Meskipun begitu, Rafky menegaskan bahwa kewenangan untuk menetapkan UMSK tetap berada di tangan Gubernur Kepulauan Riau (Kepri). “Namun, para pengusaha meminta agar penetapannya ditunda,” tambahnya.
Pada dasarnya, lanjut Rafky, Apindo setuju dengan usulan UMSK, namun dengan catatan dilakukan penundaan ini hingga pemerintah pusat mengeluarkan petunjuk pelaksanaan (juklak), dan petunjuk teknis (juknis) yang lebih jelas terkait implementasi UMSK.
“Apindo akan patuh terhadap keputusan pemerintah,” terangnya menegaskan.
Berikut poin-poin sikap Apindo dalam pembahasan UMSK 2025:
1. Dengan kenaikan UMK sebesar 6,5 persen sudah sangat memberatkan pengusaha. Perwakilan pengusaha khawatir kenaikan sebesar ini akan menimbulkan gelombang PHK di Batam.
Apalagi jika ditambah dengan beban kenaikan upah minimum sektoral, yang lebih tinggi dari UMK Kota Batam tahun 2025.
2. Belum jelasnya pembagian jenis risiko kerja di Klasifikasi Baku Lapangan Usaha Indonesia (KBLI), sebagaimana yang tercantum di pasal 7 angka 3 dan 4 Permenaker no 16 tahun 2024 tentang upah minimum 2025.
3. Kategori risiko yang ada dalam KBLI 2020 bukan merupakan penentuan resiko kerja melainkan pemenuhan izin berusaha atas dampak lokasi, lingkungan dan lainnya terhadap jenis usaha yang dilakukan.
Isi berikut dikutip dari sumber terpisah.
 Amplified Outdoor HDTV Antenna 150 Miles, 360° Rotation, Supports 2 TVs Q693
Sehingga, belum dapat dipakai sebagai penentuan sektor dalam pembahasan UMSK Batam.
4. Dalam Permenaker no 16 tahun 2024 pemerintah pusat tidak memberikan petunjuk, maksud, dan definisi yang jelas mengenai karakteristik, risiko kerja dan beban kerja yang berat. Sehingga dewan pengupahan kota Batam tidak dapat menentukan, sektor mana yang berbeda dari sektor lainnya.
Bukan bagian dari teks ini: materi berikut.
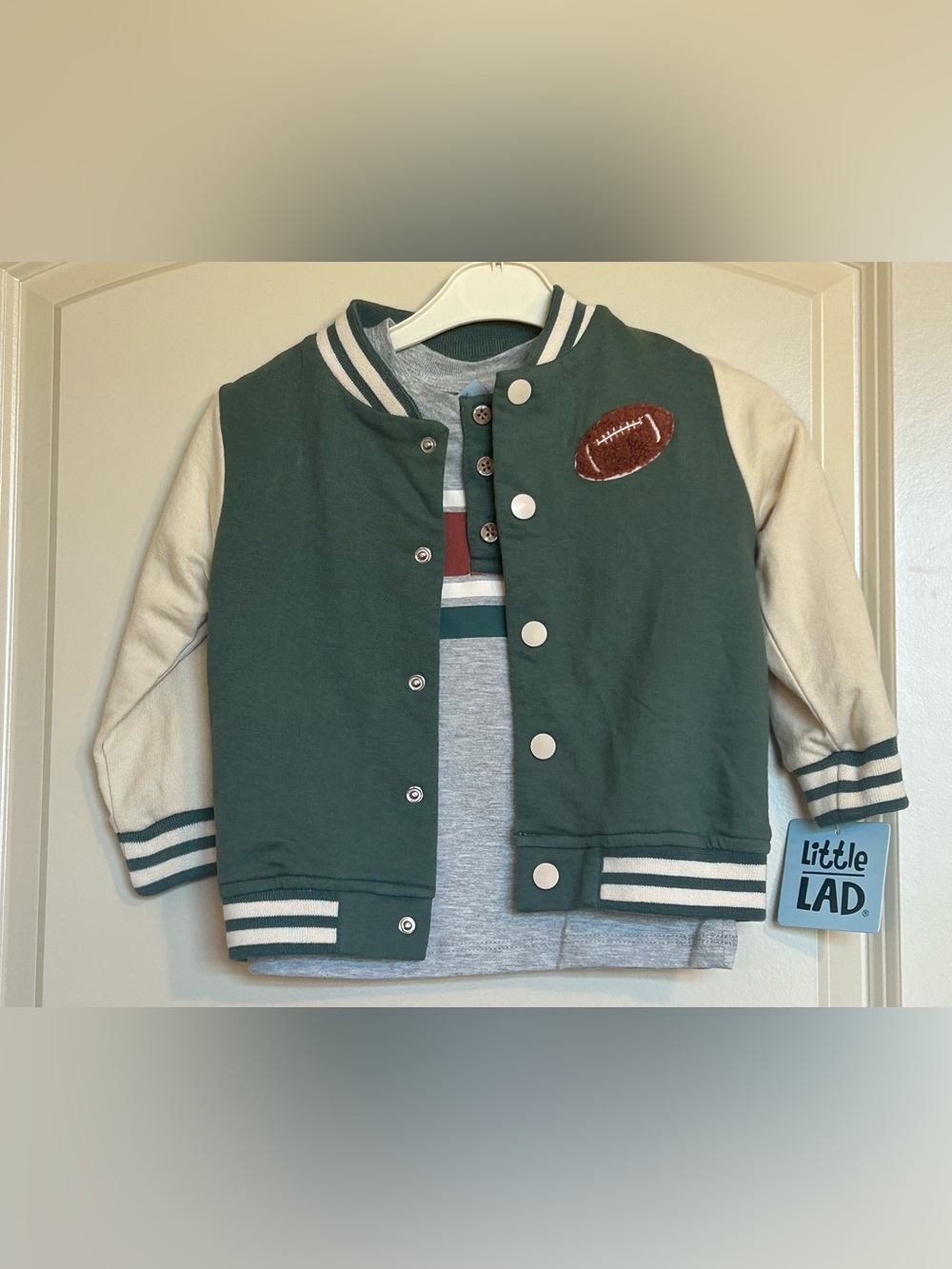 24M Little Lad Striped Shirt and Matching Football Jacket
5. Pasal 9 Permenaker nomor 16 tahun 2024 menyatakan bahwa UMSK yang diusulkan, didasarkan pada kesepakatan di Dewan Pengupahan Kabupaten/Kota. Sehingga, unsur pengusaha menganggap bahwa pembahasan UMSK di Dewan Pengupahan Kota Batam belum mencapai kesepakatan.